On General Definition of L1-norm Support Vector Machines for Feature Selection
International Journal of Machine Learning and Computing 08/2011; 1(2):279-283. DOI: 10.7763/IJMLC.2011.V1.41
In this paper, we introduce a new general definition of L1-norm SVM (GL1-SVM) for feature selection and represent it as a polynomial mixed 0-1 programming problem. We prove that solving the new proposed optimization problem reduces error penalty and enlarges the margin between two support vector hyper-planes. This possibly provides better generalization capability of SVM than solving the traditional L1-norm SVM proposed by Bradley and Mangasarian.

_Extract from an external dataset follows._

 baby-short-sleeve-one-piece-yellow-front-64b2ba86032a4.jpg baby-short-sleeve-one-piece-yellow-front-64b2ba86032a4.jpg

We also propose a new search method that ensures obtaining of the global feature subset by means of the new GL1-SVM. The proposed search method is based on solving a mixed 0-1 linear programming (M01LP) problem by using the branch and bound algorithm. In this M01LP problem, the number of constraints and variables is linear in the number of full set features. Experimental results obtained over the UCI, LIBSVM, UNM and MIT Lincoln Lab data sets show that the new general L1-norm SVM gives better generalization capability, while selecting fewer features than the traditional L1-norm SVM in many cases. Index Terms—branch and bound, feature selection, L1-norm support vector machine, mixed 0-1 linear programming problem.